A Kesten process is a stochastic process of the form

$$ X_{t+1} = a_{t+1} X_t + \eta_{t+1} \tag{1} $$

where $ \{a_t\}_{t \geq 1} $ and $ \{\eta_t\}_{t \geq 1} $ are IID sequences.

We are interested in the dynamics of $ \{X_t\}_{t \geq 0} $ when $ X_0 $ is given.

We will focus on the nonnegative scalar case, where $ X_t $ takes values in $ \mathbb R_+ $.

In particular, we will assume that

  • the initial condition $ X_0 $ is nonnegative,
  • $ \{a_t\}_{t \geq 1} $ is a nonnegative IID stochastic process and
  • $ \{\eta_t\}_{t \geq 1} $ is another nonnegative IID stochastic process, independent of the first.

Example: GARCH Volatility

The GARCH model is common in financial applications, where time series such as asset returns exhibit time varying volatility.

For example, consider the following plot of daily returns on the Nasdaq Composite Index for the period 1st January 2006 to 1st November 2019.

In [4]:
import yfinance as yf
import pandas as pd

s ='^IXIC', '2006-1-1', '2019-11-1')['Adj Close']

r = s.pct_change()

fig, ax = plt.subplots()

ax.plot(r, alpha=0.7)

ax.set_ylabel('returns', fontsize=12)
ax.set_xlabel('date', fontsize=12)
[*********************100%***********************]  1 of 1 completed

Notice how the series exhibits bursts of volatility (high variance) and then settles down again.
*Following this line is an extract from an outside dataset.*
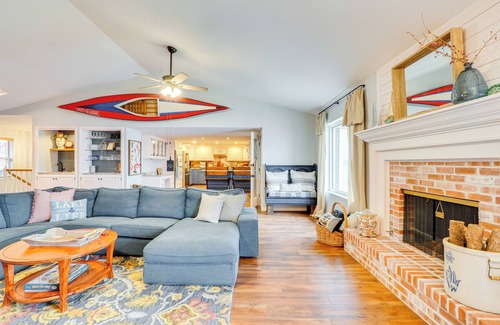 Grove House | Lakefront Home w/Private Dock in Grove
GARCH models can replicate this feature.

The GARCH(1, 1) volatility process takes the form

$$ \sigma_{t+1}^2 = \alpha_0 + \sigma_t^2 (\alpha_1 \xi_{t+1}^2 + \beta) \tag{2} $$

where $ \{\xi_t\} $ is IID with $ \mathbb E \xi_t^2 = 1 $ and all parameters are positive.

Returns on a given asset are then modeled as

$$ r_t = \sigma_t \zeta_t \tag{3} $$

where $ \{\zeta_t\} $ is again IID and independent of $ \{\xi_t\} $.

The volatility sequence $ \{\sigma_t^2 \} $, which drives the dynamics of returns, is a Kesten process.

Example: Wealth Dynamics

Suppose that a given household saves a fixed fraction $ s $ of its current wealth in every period.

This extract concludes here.